Irak’ta siyasi çıkmaz ve DAEŞ ile savaş süreci
Irak son yıllarda siyasi ve güvenlik sorunu yaşayan çok parçalı bir devlete dönüşmüştür.
Irak’ın bu durumunun temeli İngiltere sömürgeci devletinin 1920 ve 1930lı yıllarındaki sömürgeci politikalarıyla atıldı. Fakat Irak’ın son yıllardaki siyasi ve güvenlik krizi, Amerika’nın 2003 yılında Irak’ın işgali, Batı-Arap rejimleri ittifakının batı Asya ve kuzey Afrika ülkelerindeki Arap halklarının kıyamı ve toplumsal siyasi itirazlarını bastırma biçiminden kaynaklanmaktadır. Irak 1930lı yılların başlarından ila 2003 yılında Saddam rejiminin devrilmesine kadar, Melik Feysal, Abdulkerim Kasım, Abdusselam Arif, Abdurrahman Arif, Hasanul Bekr ve Saddam Hüseyin’in iktidarlarına tanık oldu. Söz konusu yöneticilerin her biri farklı siyasi krizler, kavmi ve mezhebi çekişmelerle karşılaştılar. Bu yüzden Irak’taki siyasi krizin derin kökleri vardır. Irak’taki 2014 yılında Selefi Vahhabi tekfirci DAEŞ terör örgütü Irak’ın üçte biri topraklarını işgal etti. Bu nedenle Irak hem siyasi çıkmaz hem de terörizmle savaş içine sürüklenmiştir.
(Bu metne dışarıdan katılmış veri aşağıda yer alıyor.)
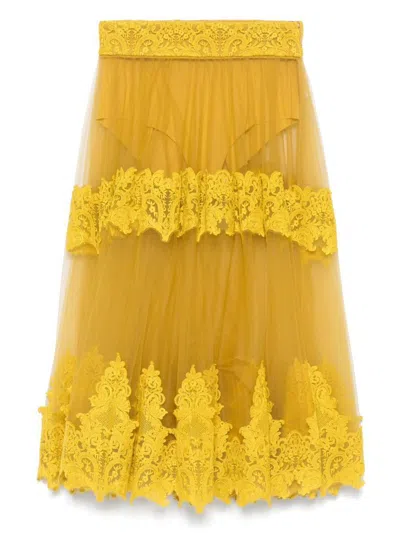 Elisabetta Franchi Ochre Yellow Midi Skirt With Lace Panels In Beige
Günümüzde Irak’taki kriz, Şii siyasi guruplar arasındaki ihtilaflar ve tecrübesizlik, Irak kürdistan bölgesinin merkezden kaçış ve ayrılıkçı eğilimleri, Ehli-Sünnet kesimlerin dış güçlerden etkilenmeleri ve iç ihtilafları söz konusudur. Irak “De Facto” bir Kürdistan devleti, Sünni Bölgelerindeki DAEŞ’çi bir devlet, Şii toplumunun desteğinde Bağdat’taki zayıflatılmış milli bir devlet biçiminde parçalanmıştır. Irak’taki bir nevi siyasi çıkmazın sebebi, Irak Başbakanı Haydar El-Ebadi’nin bu ülkedeki Islahat ve reform sürecindeki başarısızlığı ve Şii guruplar arasındaki ihtilaflardır. Irak Başbakanı Haydar El-Ebadi geçen Yaz aylarında, Şii Müslümanların yoğun olarak yaşadıkları bölgelerdeki sosyal hizmetler eksikliğinden dolayı halk kitlelerinin itirazlarıyla karşılaştı. Ebadi halkın sorunlarını çözmeye yoğunlaşmak yerine daha genel reform programlarını, Irak’taki siyasi düzeni yeniden yapılandırma planlarını gündeme getirdi. Irak Başbakanı Haydar El-Ebadi, reform paketinde cumhurbaşkanı, başbakan ve meclis başkanı yardımcılık kurumlarını kaldırdı. Bunun sonucu, Hizbuddave’nin iki lideri olan Haydar Ebadiyle Nuri El-Maliki arasında da ihtilafların yaşandığı, Ebadi’in Başbakan Yardımcılık kurumlarını kaldırarak Nuri El-Maliki’yi devlet yönetim kadrosundan dışlamaya çalıştığı belirtiliyor. Gerçi Haydar El-Ebadi’nin reform paketi uygulanamadı. Fakat Nuri El-Maliki’nin muhalefeti açığa çıktı. Irak Başbakanı Haydar El-Ebadi’nin reform paketinin yenilgiye uğramasından sonra, Islahat’ın yapılmasını destekleyen Mukteda Sadr, Ebadi hükümetini protesto gösterileri düzenledi ve Nuri El-Maliki’nin de desteğini kazandı. Bunun üzerine Irak’taki siyasi krizin çözümü yeni çıkmaza girdi. Irak Başbakanı Haydar El-Ebadi’nin bakanlar kurulu eksiktir. Irak meclisinin faaliyetleri askıya alınmıştır. Irak Milletvekilleri de iki kutba ayrılmıştır. Bundan bir gurup, Selim Elcuburi’nın meclis başkanı olduğunu belirtmektedirler. Diğer bir gurup geçen Nisan ayında milletvekillerinden bir kesimin toplantıda hazır bulunmamasını fırsat bilerek Selim El-Cbeyri’yi görevinden alıp, bir milletvekilini geçici olarak meclis başkanı olarak seçtiler.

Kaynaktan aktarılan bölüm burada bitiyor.